Em depoimento à Polícia Civil do Distrito Federal, a mãe do menino afirmou que “sentia ódio e nenhum amor pela criança”. Segundo o delegado-adjunto da 26ª DP, Guilherme Melo, que coordenou o caso, a “forma de execução da criança foi cruel”.

O crime

“Rhuan Maycon levou 11 facadas, sendo que duas atingiram o coração”, afirmou o delegado. A causa da morte foi comprovada por um laudo do Instituto Médico Legal (IML).

Segundo a polícia, as duas mulheres tiveram participação ativa no crime. “Os golpes de faca foram deferidos pela mãe do menino, e a Kacyla segurou a criança”.

Tortura

Um ano antes de ser assassinado, o menino teve o pênis e os testículos extirpados pela mãe – Rosana – de forma rudimentar, sem anestesia ou acompanhamento médico. O motivo alegado por ela, segundo a PCDF, foi “vingança contra o pai e avós da criança”.

A atitude foi comprovada pelo laudo da Polícia Civil. Exames atestaram que o crime de extração do órgão genital do garoto configura “tortura e lesão corporal gravíssima”. A situação teria ocorrido há mais de um ano, quando a família ainda morava em Goiânia (GO).

Na delegacia, Rosana e Kacyla confessaram os crimes à Polícia Civil e contaram que se conheceram em uma igreja.

População fala sobre o silêncio

Fica a interrogação: cadê os militantes esquerdistas levantando bandeiras, fazendo protestos, gritando palavras de ordem? E quanto a “matéria especial” nos meios de comunicação de massa? Através das redes sociais, utilizando a hashtag #RhuanVive , muitos usuários comentaram o caso deixaram seu recado.

Repercussão Política

A preocupação não atingiu apenas a população, gerou interrogação até mesmo na classe política. Veja algumas opiniões à respeito:

O presidente Jair Bolsonaro lamentou através da sua conta no Twitter o fato da nossa Constituição não permitir a prisão perpétua.
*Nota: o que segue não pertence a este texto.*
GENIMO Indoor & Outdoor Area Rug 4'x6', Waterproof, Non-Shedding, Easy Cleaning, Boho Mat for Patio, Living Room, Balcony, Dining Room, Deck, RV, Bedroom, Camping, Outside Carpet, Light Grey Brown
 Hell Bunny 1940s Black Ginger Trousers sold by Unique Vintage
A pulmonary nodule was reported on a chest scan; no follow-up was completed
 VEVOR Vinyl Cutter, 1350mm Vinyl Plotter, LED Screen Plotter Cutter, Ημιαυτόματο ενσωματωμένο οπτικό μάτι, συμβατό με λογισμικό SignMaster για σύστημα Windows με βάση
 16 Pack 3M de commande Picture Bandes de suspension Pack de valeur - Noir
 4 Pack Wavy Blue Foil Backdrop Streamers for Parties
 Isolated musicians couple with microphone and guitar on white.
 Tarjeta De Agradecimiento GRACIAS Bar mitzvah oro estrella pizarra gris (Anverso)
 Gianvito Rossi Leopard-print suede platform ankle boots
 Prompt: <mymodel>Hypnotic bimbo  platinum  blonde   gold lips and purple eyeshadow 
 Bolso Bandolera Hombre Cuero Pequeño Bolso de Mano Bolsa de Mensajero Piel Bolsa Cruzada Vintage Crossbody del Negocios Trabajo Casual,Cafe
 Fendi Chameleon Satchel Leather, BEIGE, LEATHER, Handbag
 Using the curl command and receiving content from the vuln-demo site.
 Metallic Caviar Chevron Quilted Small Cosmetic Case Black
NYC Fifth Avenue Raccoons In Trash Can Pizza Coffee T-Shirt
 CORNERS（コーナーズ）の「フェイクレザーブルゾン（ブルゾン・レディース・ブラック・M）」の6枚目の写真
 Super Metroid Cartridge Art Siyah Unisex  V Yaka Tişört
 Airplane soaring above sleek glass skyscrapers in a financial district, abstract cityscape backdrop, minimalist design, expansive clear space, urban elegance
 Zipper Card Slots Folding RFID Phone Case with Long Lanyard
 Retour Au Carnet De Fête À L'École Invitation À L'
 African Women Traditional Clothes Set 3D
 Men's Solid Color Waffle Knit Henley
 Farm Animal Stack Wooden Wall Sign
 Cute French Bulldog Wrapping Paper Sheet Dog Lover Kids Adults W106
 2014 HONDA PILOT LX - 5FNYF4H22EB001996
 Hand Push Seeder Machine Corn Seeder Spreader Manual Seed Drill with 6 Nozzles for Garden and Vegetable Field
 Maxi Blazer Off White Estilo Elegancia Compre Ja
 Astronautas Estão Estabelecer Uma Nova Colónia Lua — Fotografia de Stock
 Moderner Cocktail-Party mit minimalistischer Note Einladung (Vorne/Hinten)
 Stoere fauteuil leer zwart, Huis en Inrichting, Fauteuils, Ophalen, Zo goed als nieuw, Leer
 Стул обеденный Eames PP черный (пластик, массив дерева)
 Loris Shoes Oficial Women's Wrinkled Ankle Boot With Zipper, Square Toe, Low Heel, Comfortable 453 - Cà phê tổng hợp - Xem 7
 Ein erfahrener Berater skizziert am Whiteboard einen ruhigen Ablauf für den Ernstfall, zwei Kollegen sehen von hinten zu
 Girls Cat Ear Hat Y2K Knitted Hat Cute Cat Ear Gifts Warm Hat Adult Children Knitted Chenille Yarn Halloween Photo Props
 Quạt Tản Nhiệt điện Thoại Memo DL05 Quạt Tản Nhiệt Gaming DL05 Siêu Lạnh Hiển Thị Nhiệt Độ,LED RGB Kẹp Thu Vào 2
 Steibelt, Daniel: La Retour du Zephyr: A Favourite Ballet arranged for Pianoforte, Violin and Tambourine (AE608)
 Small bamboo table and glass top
Em Natal, o vereador Cícero Martins (PSL) também deixou sua opinião através de discurso na Câmara dos vereadores. “Cadê a mídia? Por quê que no caso que envolveu a morte daquela criança Nardoni nós passamos quase dois meses escutando que um casal tinha matado uma criança e hoje silencia? Muitos me questionaram se isso tinha a ver com a ideologia de gênero. Se tem eu não sei”, afirmou. Assista ao discurso:

Relato Pessoal

Sem palavras para descrever o que sinto ao ler/analisar um fato como esse. Como jornalista, cabe ao profissional conhecer cada detalhe do caso para então reportá-lo e, apesar de toda barbárie que já li e escrevi, sem dúvidas essa amargou-se em mim. O lado imparcial é praticamente impossível ser deixado de lado.

Confesso, o caso é ainda mais bárbaro do que apresentei aqui, mas me detive “aos detalhes mínimos”. É de sufocar, embrulhar o estômago, é mórbido, sombrio. Vergonha!